**EXERCISE GOAL**: Take the line that contains "Pottwal, Physeter macrocephalus, Teneriffa" and each one after it through the last line below, and retype them exactly. Leave out the pictures.

*** Opening SUPPLIED MATERIAL ***

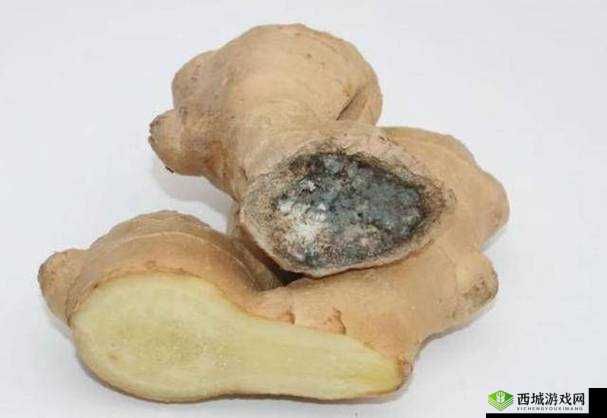 因为不吃姜被罚：连续一年都要夹生姜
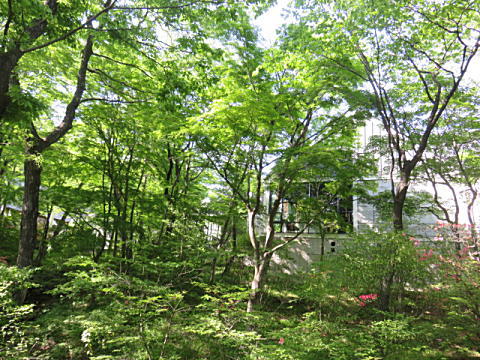d0046702_7413869.jpg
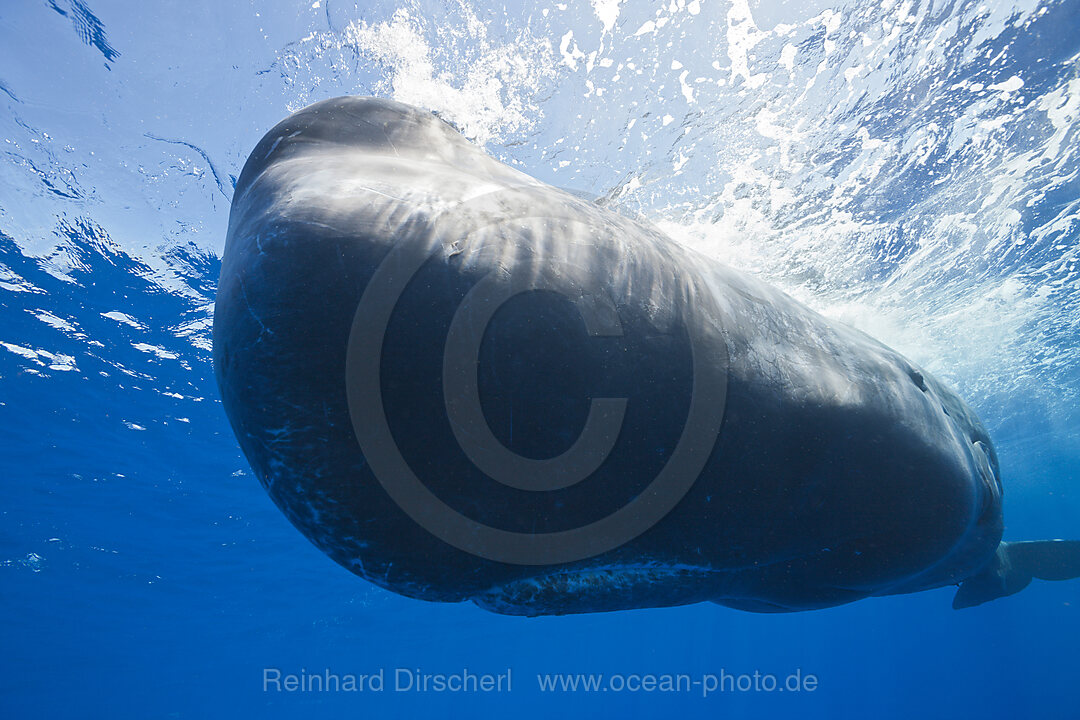 Pottwal, Physeter macrocephalus, Teneriffa Kanaren, Spanien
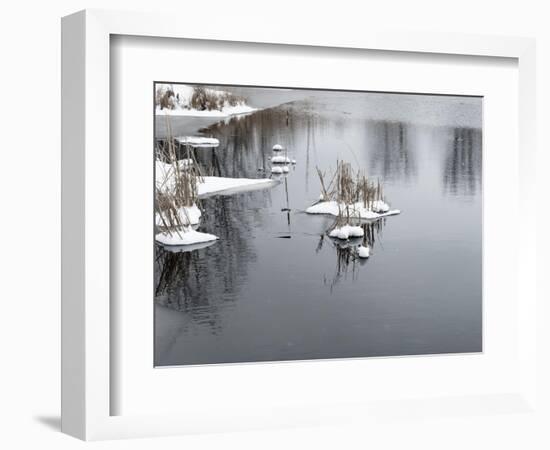 Cluster Of Reeds In Snow On Icy Pond-Anthony Paladino-Framed Giclee Print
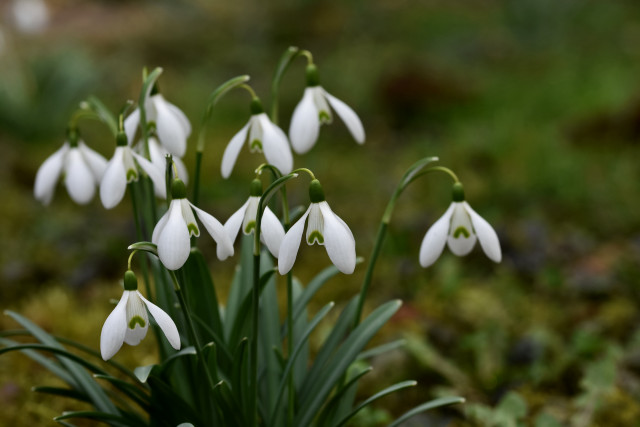 White flowers mossy ground butterfly free wallpaper for desktop - medium preview image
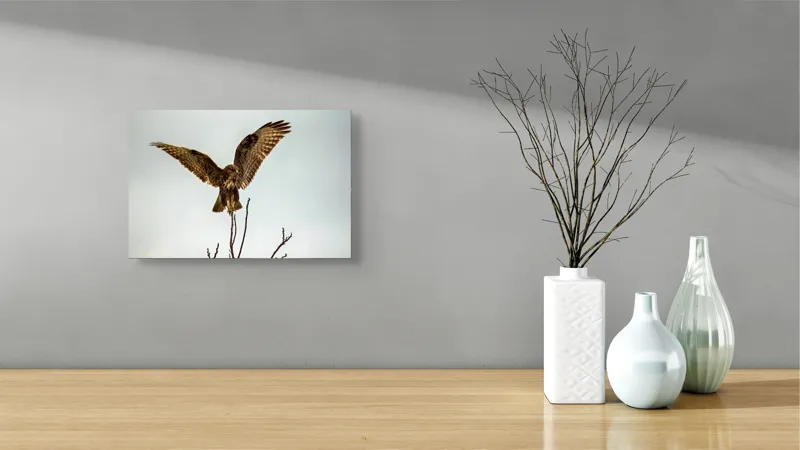 Tablou Canvas, "Uriașul cerului înaripat survolând pădurea", Vultur, Aripi, Zbor, Cer, Crengi, Panoramic, Libertate, Natură, 39 x 26 cm – poza 8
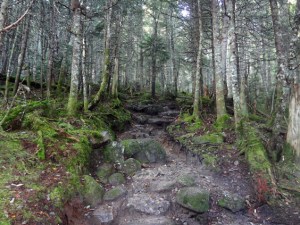 The trail becomes rocky. Photo by Northeast Hiker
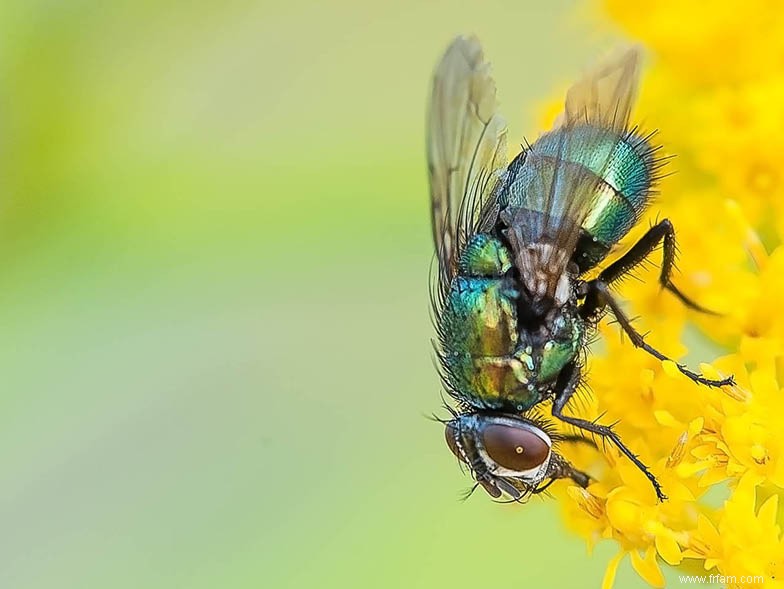 Soyez à l affût de ces insectes embêtants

*** Closing SUPPLIED MATERIAL ***

**PROBLEM SOLUTION**:
 Pottwal, Physeter macrocephalus, Teneriffa Kanaren, Spanien
 Cluster Of Reeds In Snow On Icy Pond-Anthony Paladino-Framed Giclee Print
 White flowers mossy ground butterfly free wallpaper for desktop - medium preview image
 Tablou Canvas, "Uriașul cerului înaripat survolând pădurea", Vultur, Aripi, Zbor, Cer, Crengi, Panoramic, Libertate, Natură, 39 x 26 cm – poza 8
 The trail becomes rocky. Photo by Northeast Hiker
 Soyez à l affût de ces insectes embêtants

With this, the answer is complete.